Data-driven protein engineering: learning the sequence-function mapping from experimental data
Dr. Philip Romero
University of California, San Francisco
Proteins are amazingly diverse molecules that are capable of performing a wide variety of chemical and biological tasks. Such versatility presents tremendous opportunities for solving challenging human problems that range from medicine and agriculture to environmental protection and industrial chemistry. Despite this great potential, our ability to design proteins with tailor-made functions has been impeded by our limited understanding of these complex molecules.
Rational protein engineering relies on accurate models that relate a protein's sequence to its function. However, many molecular properties are extremely difficult to model because they may be poorly understood or involve subtle, possibly dynamic, structural changes. In this talk, I will present an alternative modeling approach where statistical models are used to learn the relationship between protein sequence and function from experimental data. These data-driven methods are able to implicitly capture the numerous and possibly unknown factors that shape the sequence-function mapping.

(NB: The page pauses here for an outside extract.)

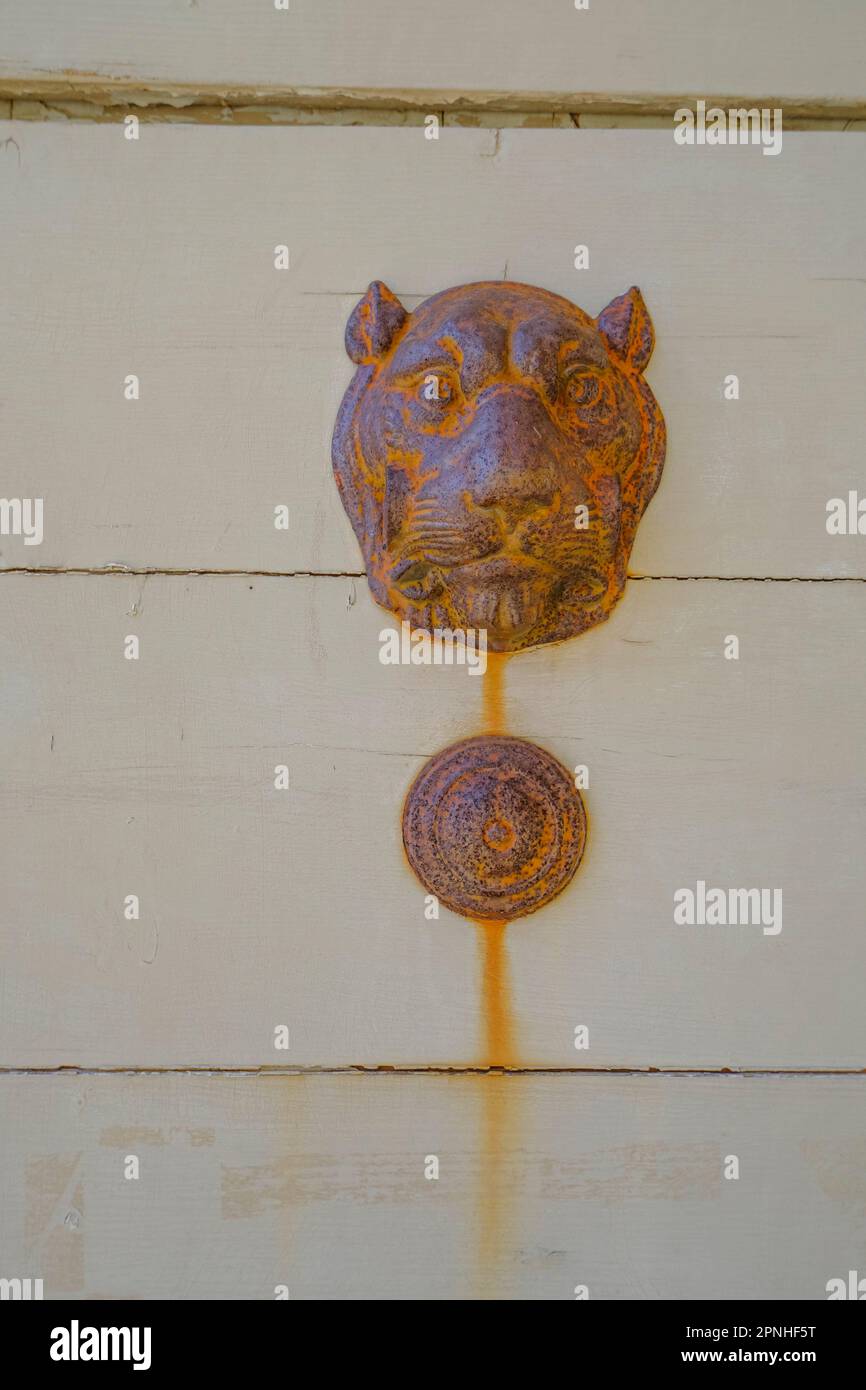 décoration en forme de tête de lion rouillée de fer d'époque sur la porte en bois. Extérieur, européen Banque D'Images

Using these models, I describe an adaptive protein design algorithm that can efficiently identify optimized protein sequences. I will finish by describing my current work in high-throughput experimentation and how new technologies are being used to generate protein sequence-function data sets of an unprecedented scale.
Phil Romero is currently a postdoctoral fellow in Adam Abate's lab at UCSF where he is developing microfluidic technologies for protein engineering. He obtained his B.S.E. and M.S. degrees from Tulane University in Biomedical Engineering and Molecular Biology, respectively. As a graduate student at Caltech, he worked in Frances Arnold's laboratory, where he engineered proteins for a variety of applications including medical imaging, cancer therapeutics, and biofuel production. His thesis research focused on developing new statistical methods that can learn the relationship between protein sequence and function from experimental data.